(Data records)

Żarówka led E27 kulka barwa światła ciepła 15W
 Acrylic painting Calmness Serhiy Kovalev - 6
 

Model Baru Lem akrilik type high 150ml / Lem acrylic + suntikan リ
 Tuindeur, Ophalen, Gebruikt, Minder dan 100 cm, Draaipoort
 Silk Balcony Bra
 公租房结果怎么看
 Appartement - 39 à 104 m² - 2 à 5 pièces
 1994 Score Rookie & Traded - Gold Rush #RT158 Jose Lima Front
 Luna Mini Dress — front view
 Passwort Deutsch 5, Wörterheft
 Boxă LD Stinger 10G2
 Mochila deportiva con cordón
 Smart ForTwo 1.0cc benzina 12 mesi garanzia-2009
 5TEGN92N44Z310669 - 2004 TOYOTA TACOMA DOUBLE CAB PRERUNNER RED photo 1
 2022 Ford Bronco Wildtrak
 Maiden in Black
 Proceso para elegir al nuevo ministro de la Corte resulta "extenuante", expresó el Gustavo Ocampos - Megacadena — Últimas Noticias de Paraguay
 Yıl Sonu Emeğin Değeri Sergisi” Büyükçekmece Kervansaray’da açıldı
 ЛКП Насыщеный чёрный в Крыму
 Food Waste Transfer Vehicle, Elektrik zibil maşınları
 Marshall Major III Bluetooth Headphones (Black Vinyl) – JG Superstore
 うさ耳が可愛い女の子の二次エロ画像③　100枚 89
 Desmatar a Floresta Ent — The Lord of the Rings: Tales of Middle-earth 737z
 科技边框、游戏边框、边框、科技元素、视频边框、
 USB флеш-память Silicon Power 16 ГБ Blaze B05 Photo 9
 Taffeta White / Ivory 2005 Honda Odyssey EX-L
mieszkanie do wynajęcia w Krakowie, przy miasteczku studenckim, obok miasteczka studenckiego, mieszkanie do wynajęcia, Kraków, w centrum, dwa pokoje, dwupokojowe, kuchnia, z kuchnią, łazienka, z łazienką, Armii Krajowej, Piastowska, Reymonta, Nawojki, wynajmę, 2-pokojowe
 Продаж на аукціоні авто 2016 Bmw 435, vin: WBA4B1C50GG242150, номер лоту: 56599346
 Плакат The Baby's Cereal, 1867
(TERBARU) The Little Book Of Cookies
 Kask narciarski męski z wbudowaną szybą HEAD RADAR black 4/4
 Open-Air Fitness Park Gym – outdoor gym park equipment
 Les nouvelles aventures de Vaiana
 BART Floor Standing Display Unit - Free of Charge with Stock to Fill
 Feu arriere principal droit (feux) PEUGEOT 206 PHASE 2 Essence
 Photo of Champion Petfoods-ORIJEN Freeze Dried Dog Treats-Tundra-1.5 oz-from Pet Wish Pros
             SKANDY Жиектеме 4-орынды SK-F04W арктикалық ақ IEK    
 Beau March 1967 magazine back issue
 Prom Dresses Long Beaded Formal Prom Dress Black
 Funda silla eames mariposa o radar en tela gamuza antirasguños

* Task instructions
Please transcribe the lines from the one containing "うさ耳が可愛い女の子の二次エロ画像③　100枚 89" through the last line of the records. Include both ends and nothing else.

* Solution
 うさ耳が可愛い女の子の二次エロ画像③　100枚 89
 Desmatar a Floresta Ent — The Lord of the Rings: Tales of Middle-earth 737z
 科技边框、游戏边框、边框、科技元素、视频边框、
 USB флеш-память Silicon Power 16 ГБ Blaze B05 Photo 9
 Taffeta White / Ivory 2005 Honda Odyssey EX-L
mieszkanie do wynajęcia w Krakowie, przy miasteczku studenckim, obok miasteczka studenckiego, mieszkanie do wynajęcia, Kraków, w centrum, dwa pokoje, dwupokojowe, kuchnia, z kuchnią, łazienka, z łazienką, Armii Krajowej, Piastowska, Reymonta, Nawojki, wynajmę, 2-pokojowe
 Продаж на аукціоні авто 2016 Bmw 435, vin: WBA4B1C50GG242150, номер лоту: 56599346
 Плакат The Baby's Cereal, 1867
(TERBARU) The Little Book Of Cookies
 Kask narciarski męski z wbudowaną szybą HEAD RADAR black 4/4
 Open-Air Fitness Park Gym – outdoor gym park equipment
 Les nouvelles aventures de Vaiana
 BART Floor Standing Display Unit - Free of Charge with Stock to Fill
 Feu arriere principal droit (feux) PEUGEOT 206 PHASE 2 Essence
 Photo of Champion Petfoods-ORIJEN Freeze Dried Dog Treats-Tundra-1.5 oz-from Pet Wish Pros
             SKANDY Жиектеме 4-орынды SK-F04W арктикалық ақ IEK    
 Beau March 1967 magazine back issue
 Prom Dresses Long Beaded Formal Prom Dress Black
 Funda silla eames mariposa o radar en tela gamuza antirasguños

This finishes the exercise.